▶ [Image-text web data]
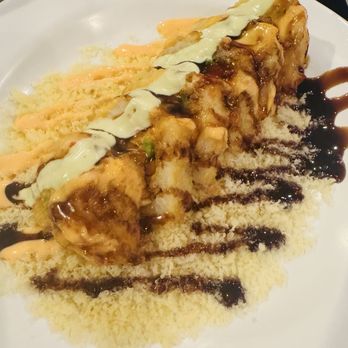 Tokyo Sushi Loha - Shrimp Tempura Crunch Roll - Sushi Bars Near Me - San Diego, California Tokyo Sushi Loha - Shrimp Tempura Crunch Roll - Sushi Bars Near Me - San Diego, California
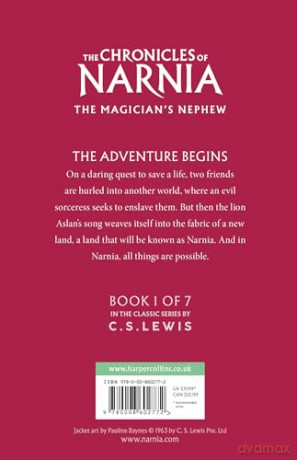 Magicians Nephew - C S Lewis [KSIĄŻKA]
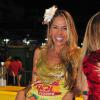 Adriane Galisteu dança muito na noite do SummerFloripa, em Florianópolis, Santa Catarina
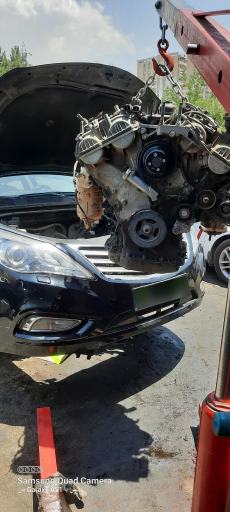 عکس تعمیرگاه هیوندای و کیا امید شهمرادی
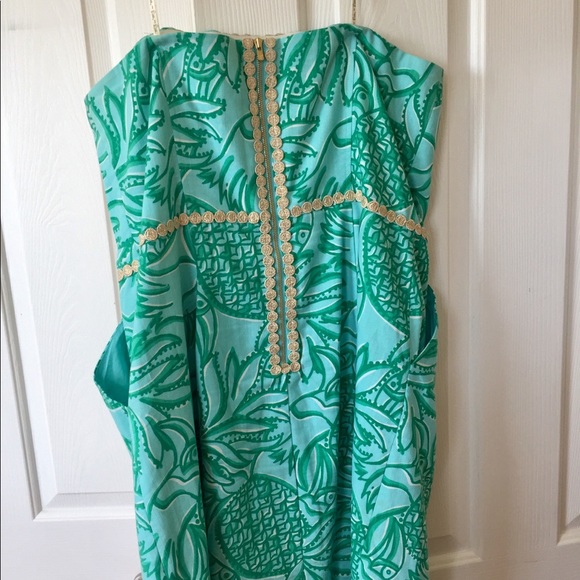 Lilly Pulitzer Strapless Dress - Picture 4 of 5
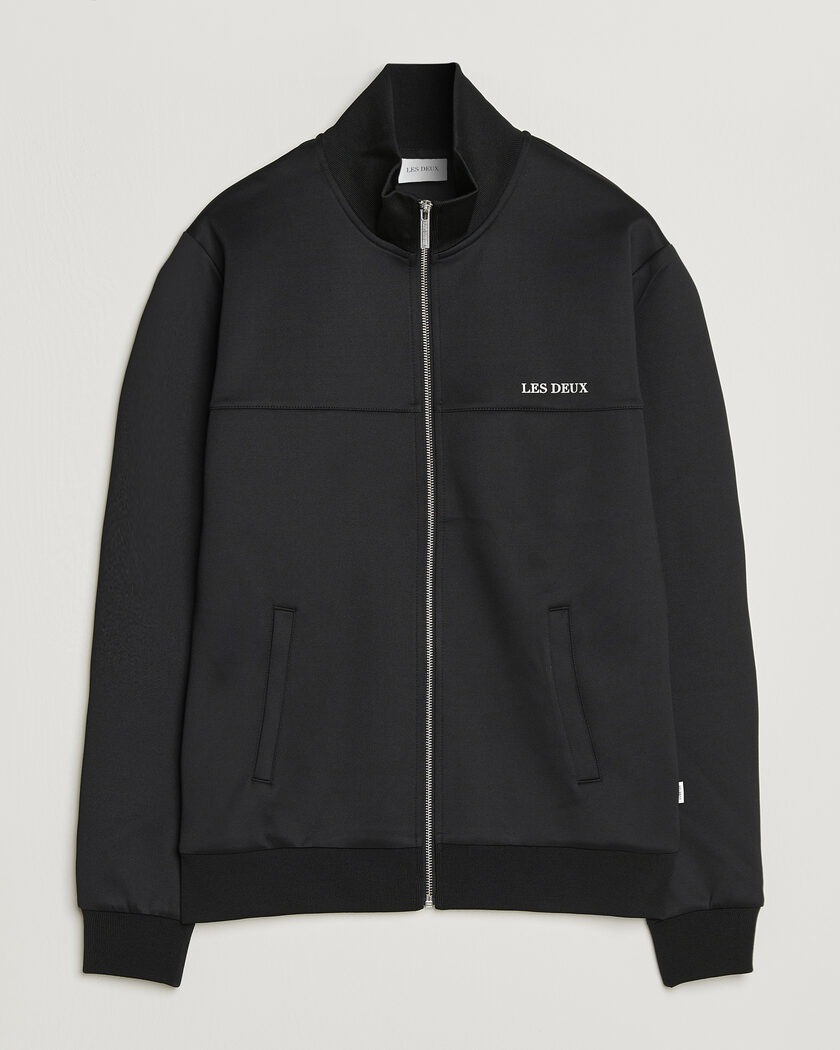 LES DEUX Ballier Track Jacket Black – Noir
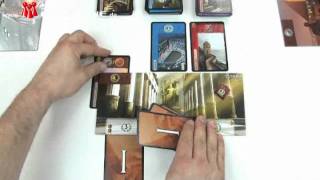 YouTube Review vom Spiel "7 Wonders (Kennerspiel des Jahres 2011)" von Spiele-Offensive.de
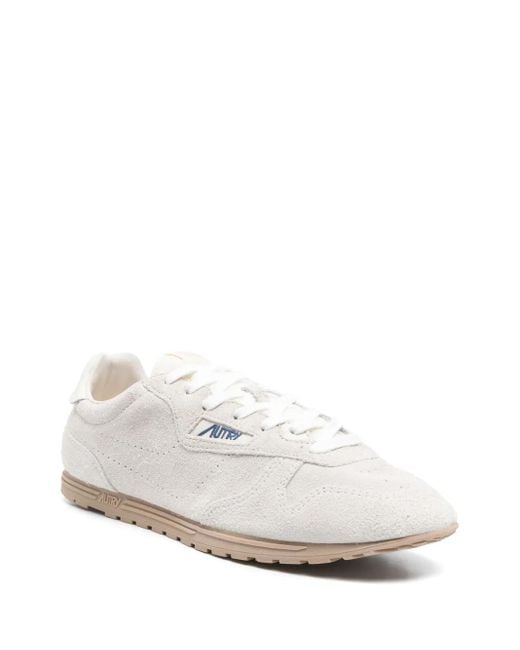 Autry White Windspin Sneakers for men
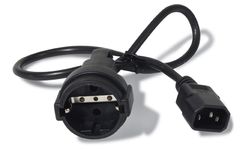 APC Power cord, 10A, 230V, C14 to Schuko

▶ [Exercise] From the first line to the last, return the records exactly and leave the pictures behind.

▶ [Exercise solution]
 Tokyo Sushi Loha - Shrimp Tempura Crunch Roll - Sushi Bars Near Me - San Diego, California Tokyo Sushi Loha - Shrimp Tempura Crunch Roll - Sushi Bars Near Me - San Diego, California
 Magicians Nephew - C S Lewis [KSIĄŻKA]
 Adriane Galisteu dança muito na noite do SummerFloripa, em Florianópolis, Santa Catarina
 عکس تعمیرگاه هیوندای و کیا امید شهمرادی
 Lilly Pulitzer Strapless Dress - Picture 4 of 5
 LES DEUX Ballier Track Jacket Black – Noir
 YouTube Review vom Spiel "7 Wonders (Kennerspiel des Jahres 2011)" von Spiele-Offensive.de
 Autry White Windspin Sneakers for men
 APC Power cord, 10A, 230V, C14 to Schuko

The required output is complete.